Eventually he set it up so you could switch between the modes. So now in addition to commands for the Gameboy inputs you can also enter commands to switch between anarchy mode and democracy mode. In the brief time I spent watching the chaos they were firmly in anarchy mode. Walking in circles, getting into random encounters, and running away. When they weren't trying to use a card key in combat and when they weren't checking out the pokedex, anyway.

I don't understand how this is a thing. I can see how the idea is an interesting one, and I can understand wanting to check it out. But how have so many people gotten so entrenched in participating in this?

Twitch apparently had to move the stream to their higher performance servers normally used for big eSport events. Because this is a big deal, and a lot of people are getting involved. 

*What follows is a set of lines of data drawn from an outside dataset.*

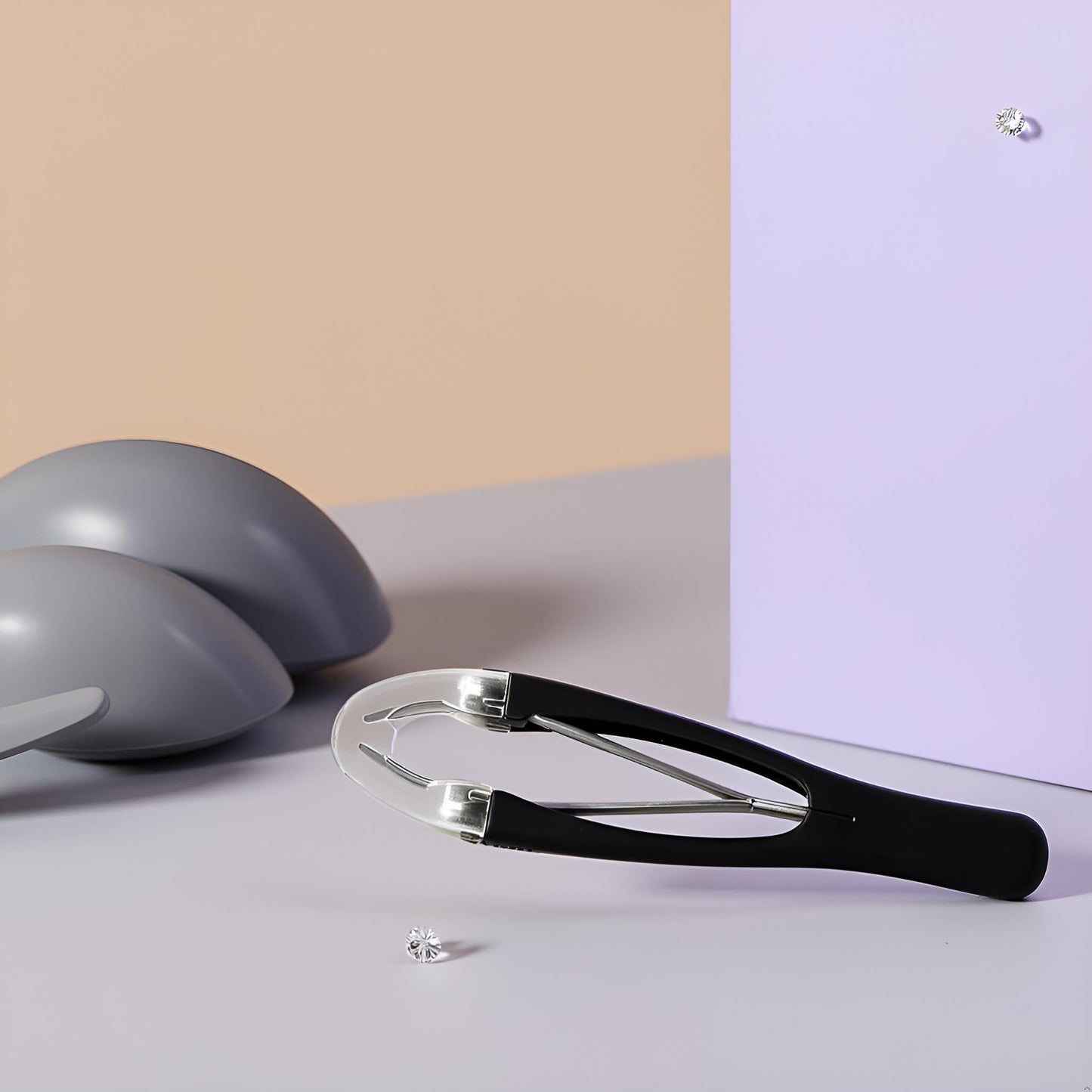 Black Automatically Retractable Eyebrow Tweezers Stainless Steel Tweezers for Women Facial Hair and Ingrown Hair Removal Hair Removal Tweezer Shave and Hair Removal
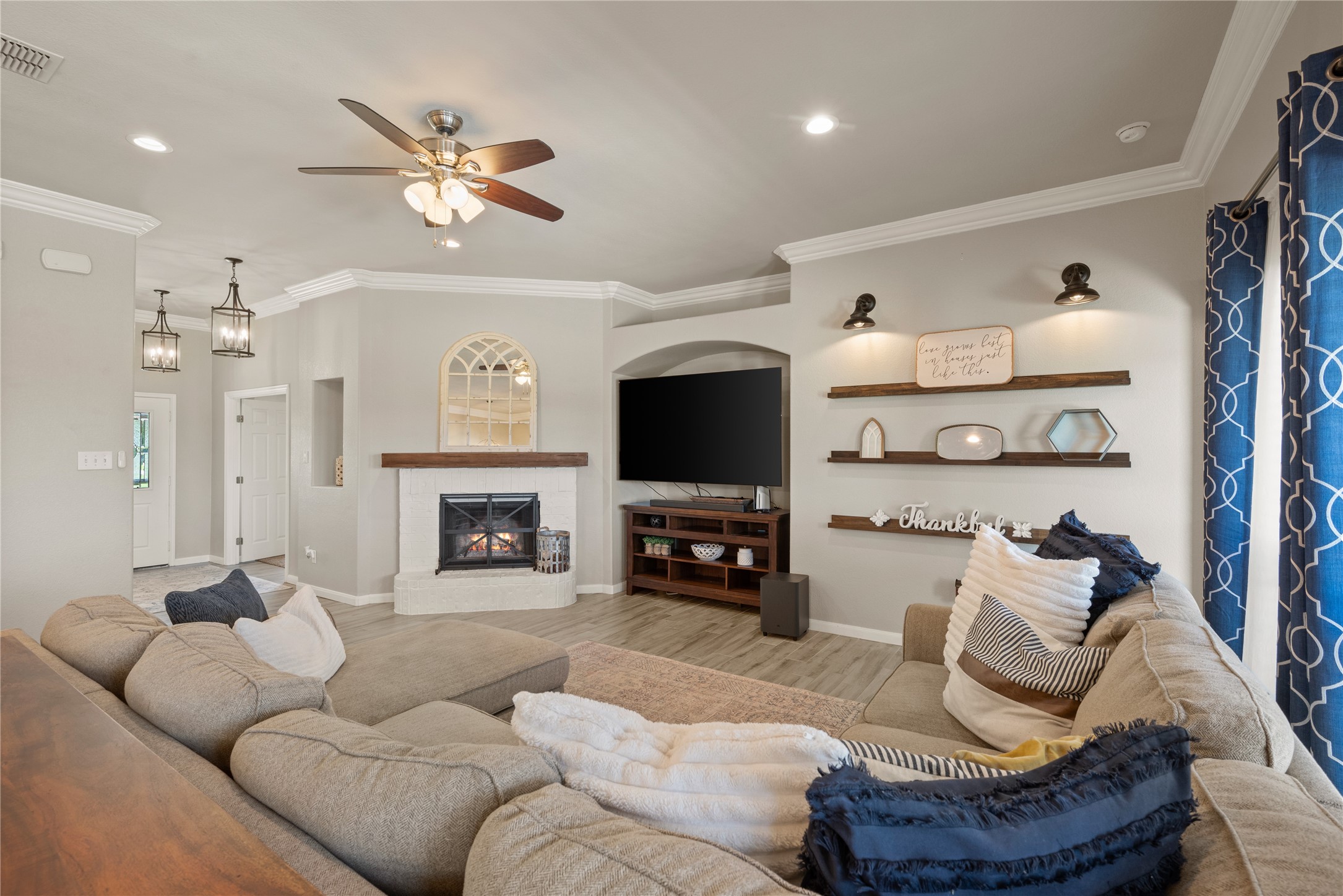 1000 Macadamia Street , Venus, TX, 76084 | 20945635 | Realty Texas LLC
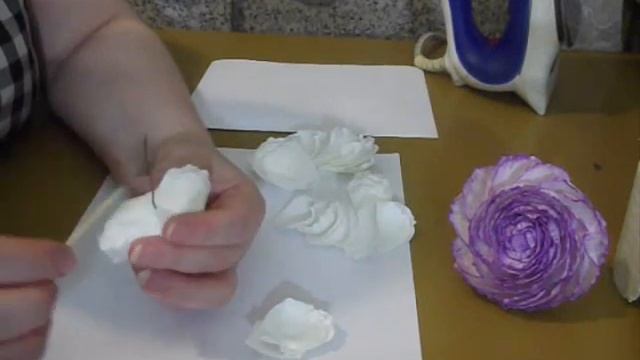Ранункулюс из зефирного фоамирана Ranunculus of marshmallow foamiran смотреть онлайн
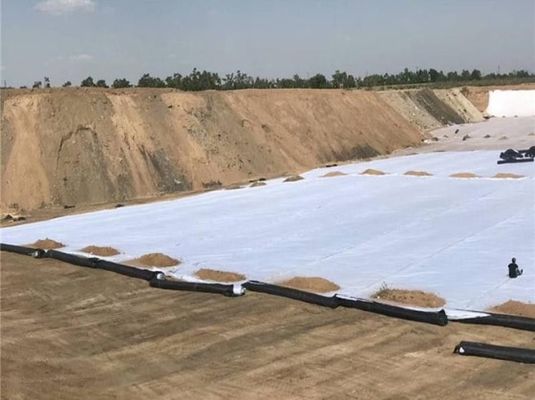 Hoogdoorlatende drainage- en filtratie geotextiel met lange filamenten voor kustdijken en oeverbescherming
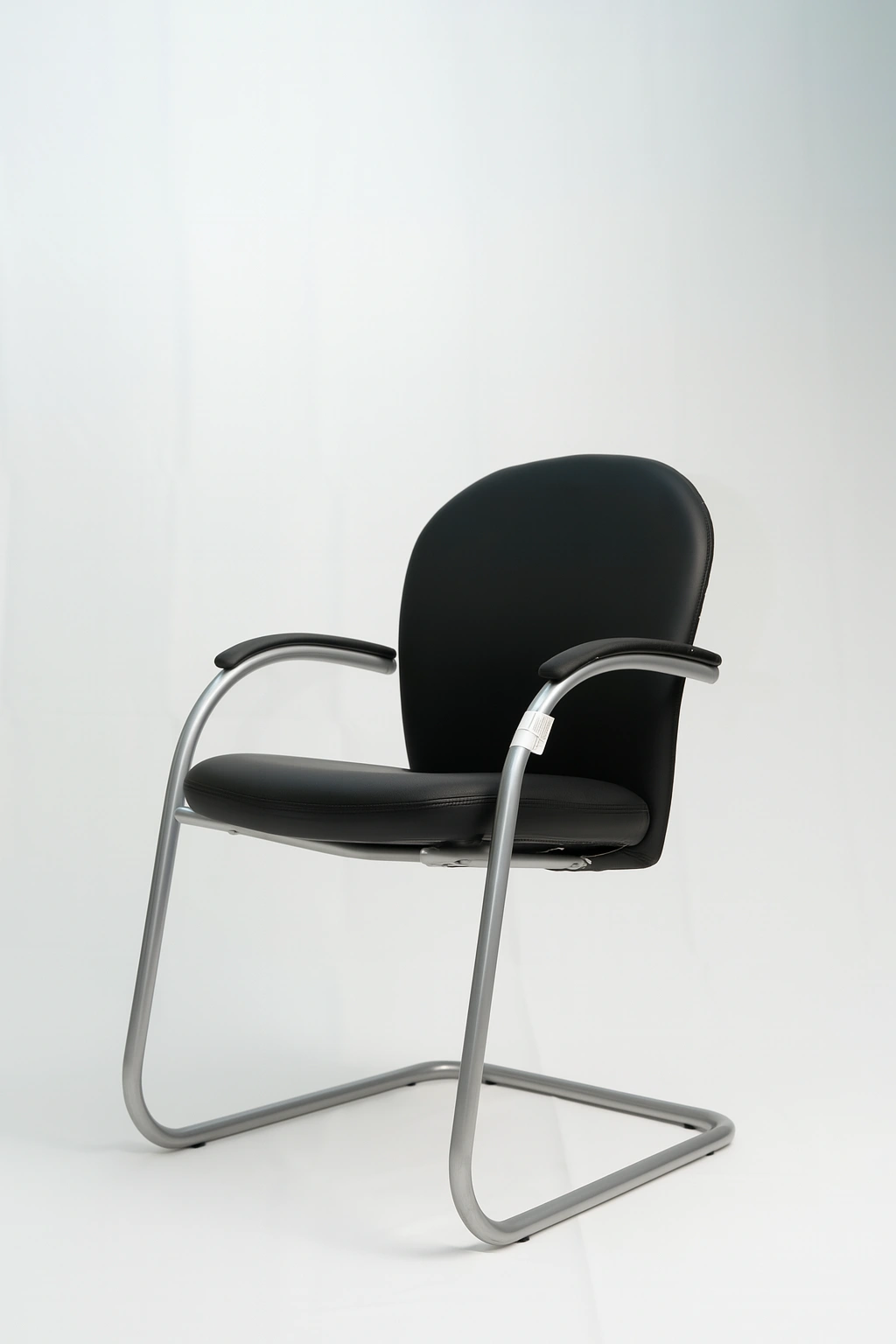 chaise-visiteur-cuir-noir-occasion-metal-3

I just don't understand. But I had to get my name in lights... When I typed in the word 'right' we were in a dungeon and near a door on the right. We'd need to walk down a couple steps and then move right... How would I possibly be able to make that happen? Anyway, by the time my command got in we were in combat, and we were trying to change Pokemon, and my right command would have no game effect. My one contribution to the cause, totally worthless. If I can take one thing away though, at least I didn't sabotage the cause. My little bit of noise in the signal was mostly harmless.

2 comments:

Sthenno said...

Somehow this made front page of the CBC:

http://www.cbc.ca/newsblogs/yourcommunity/2014/02/tens-of-thousands-of-people-have-been-playing-one-game-of-pokemon-for-two-weeks.html

Ziggyny said...

I still don't understand it, though I keep tuning in to watch while sick because it is perversely amusing to cheer for them to jump off a ledge and lose an hour of 'progress'.